RUPANTAR a large-scale project by Sri Aurobindo Society is a platform where State and Central governments, nonprofits, corporates and volunteers are working as one team for development of a progressive government education system in India, by harnessing the power of the people and existing resources.
As a part of RUPANTAR’S Project Inclusion programme, over 300 students with possible cases of neuro-developmental disorders (NDD) in Uttar Pradesh are benefitting from inclusive and specially designed curriculum, which aims to provide equal and quality education to these children.

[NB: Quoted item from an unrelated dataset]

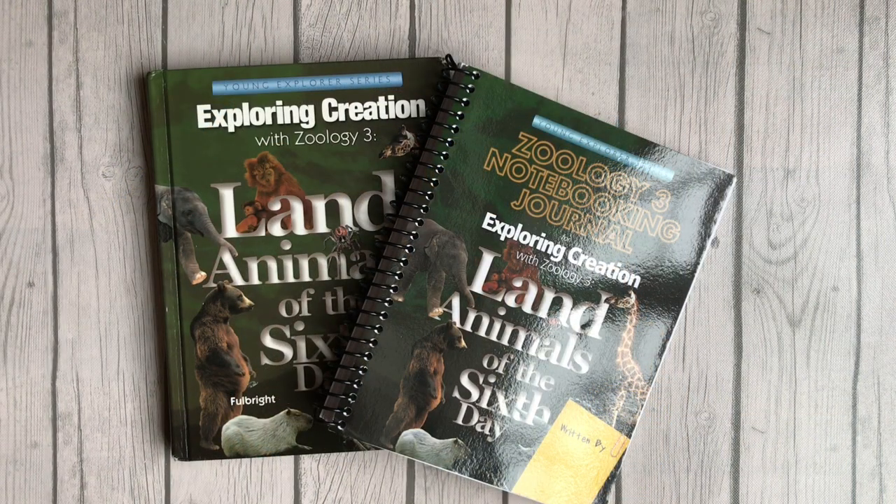Hey guys, welcome to Home Sweet Homeschool. My name is Ashley and I'm a homeschooling mom to one, and today I'm going to share with you a flip-through of Exploring Creation with Zoology 3. This is from Apologia, and the reason why I'm sharing this today is after I shared my favorite homeschool curriculum, I had someone ask for a flip-through of this curriculum, so I decided I would make a quick video and show you what it looks like.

For the last one year since it rolled out in the state, Project Inclusion has been able to reach out to nearly 1,500 teachers and train them to identify children with special needs in their class and help them nurture students through empathy-based methods.
By the end of the training, teachers are able to submit case studies of students who might have an NDD. These children, along with parents and siblings, are then invited for a final diagnosis by Project Inclusion assessment team.
Majid is one such child. He was diagnosed with Attention Deficit Hyperactivity Disorder, one of the most common NDDs.
“He would come to school during mid-day meal, shabbily dressed with soiled hands and dirty feet. He would hit his classmates and disturb the routine. He was unwanted and disliked by others,” says his class teacher Nikhit Anjum.
Anjum identified Majid having a type of NDD after attending the four-day Project Inclusion training in February 2017.
She explains that since Majid’s mother and father were uneducated labourers and unequipped to understand his problem, she had to take his responsibility or else he would not have been able to pursue his education.
With determination, relentless efforts and techniques from Project Inclusion training, Anjum was able to improve the academic and mental behaviour of Majid who started making friends and remains happy at school now.
Similar is the story of Sana, who too had an NDD and is now, with the help of her teacher, striving hard to overcome the difficulties.
“Sana is a talented girl and she is very good in embroidery and cloth printing. She may be unable to read her textbooks properly, but she’s smart enough to understand people and situations. It took me some time to gain her confidence and now I am like a best friend to her,” says Sana’s teacher, Amrita Gupta.
Gupta recalls that Sana was an aggressive girl with poorly developed motor skills and short attention span. Things started changing after Gupta attended training under Project Inclusion and identified her. Now, Sana has more controlled temper and willingness to learn.
Project Inclusion has a deep-rooted approach and addresses the core issues for retaining children with hidden disabilities by sensitizing and empowering teachers, reducing dependence on special educators and resource teachers and increasing awareness and positive mindset towards mental health issues.
Currently, it is being implemented in seven states across the country, reaching out to over 7,000 teachers and about 4,000 children with possible cases of NDD.